15–6 What are the benefits, costs, and risks of an aggressive funding strategy
and of a conservative funding strategy? Under which strategy is the borrowing
often in excess of the actual need? An aggressive strategy finances a firm's seasonal needs, and
possibly some of its permanent needs, with short-term funds, including trade credit as well as
bank lines of credit or commercial paper. This approach seeks to increase profit by using as
much of the less expensive short-term financing as possible, but increases risk since the firm
operates with minimum net working capital, which could become negative.Another factor
contributing to risk is the potential to quickly arrange for long-term funding, which is generally
more difficult to negotiate, to cover shortfalls in seasonal needs.

The conservative strategy finances all expected fund requirements with long-term funds, while
short-term funds are reserved for use in the event of an emergency. This strategy results in
relatively lower profits, since the firm uses more of the expensive long-term financing and may
pay interest on unneeded funds.The conservative approach has less risk because of the high
level of net working capital (i.e., liquidity)which is maintained; the firm has reserved short-term
borrowing power for meeting unexpected fund demands.

15–7 Why is it important for a firm to minimize the length of its cash conversion
cycle?

The longer the cash conversion cycle the greater the amount of investment tied up in low
return assets. Any extension of the cycle can result in higher costs and lower profits.

15–8 What are likely to be the viewpoints of each of the following managers
about the levels of the various types of inventory: finance, marketing,
manufacturing, and purchasing? Why is inventory an investment?

Financial managers will tend to want to keep inventory levels low to reduce financing costs.
Marketing managers will tend to want large finished goods inventories. Manufacturing
managers will tend to want high raw materials and finished goods inventories. The purchasing
manager may favor high raw materials inventories if quantity discounts are available for large
purchases.

Inventory is an investment because managers must purchase the raw materials and make
expenditures for the production of the product such as paying labor costs. Until cash is received
through the sale of the finished goods the cash expended for creation of the inventory, in any
of its forms, is an investment by the firm.

15–9 Briefly describe the following techniques for managing inventory: ABC
system, economic order quantity (EOQ) model, just-in-time (JIT) system,
and computerized systems for resource control—MRP, MRP II, and ERP.
15–10 What factors make managing inventory more difficult for exporters and
multinational companies?

15–11 What is the role of the five C’s of credit in the credit selection activity?

15–12 Explain why credit scoring is typically applied to consumer credit decisions
rather than to mercantile credit decisions.

15–13 What are the basic trade-offs in a tightening of credit standards?

15–14 Why are the risks involved in international credit management more
complex than those associated with purely domestic credit sales?
15–15 Why do a firm’s regular credit terms typically conform to those of its
industry?

15–16 Why should a firm actively monitor the accounts receivable of its credit
customers?
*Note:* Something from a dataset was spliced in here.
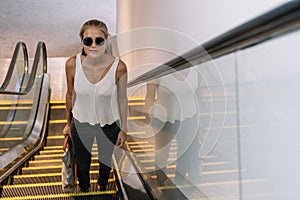 Blonde girl with sunglasses and a handbag climbing an escalator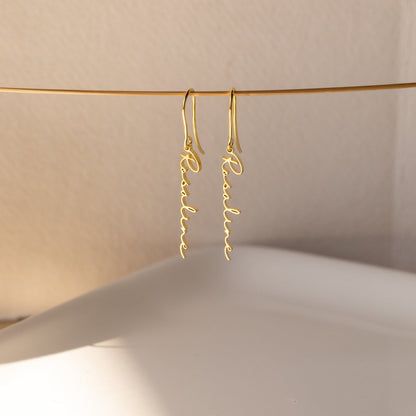 Personalized name earrings in sterling silver, 18K gold, or rose gold, featuring custom name or text in a elegant font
How are the average collection period and an aging
schedule used for credit monitoring?

15–17 What is float, and what are its three components?

15–18 What are the firm’s objectives with regard to collection float and to
payment float?

15–19 What are the three main advantages of cash concentration?

15–20 What are three mechanisms of cash concentration? What is the objective
of using a zero-balance account (ZBA) in a cash concentration
system?
15–21 What two characteristics make a security marketable? Why are the
yields on nongovernment marketable securities generally higher than
the yields on government issues with similar maturities?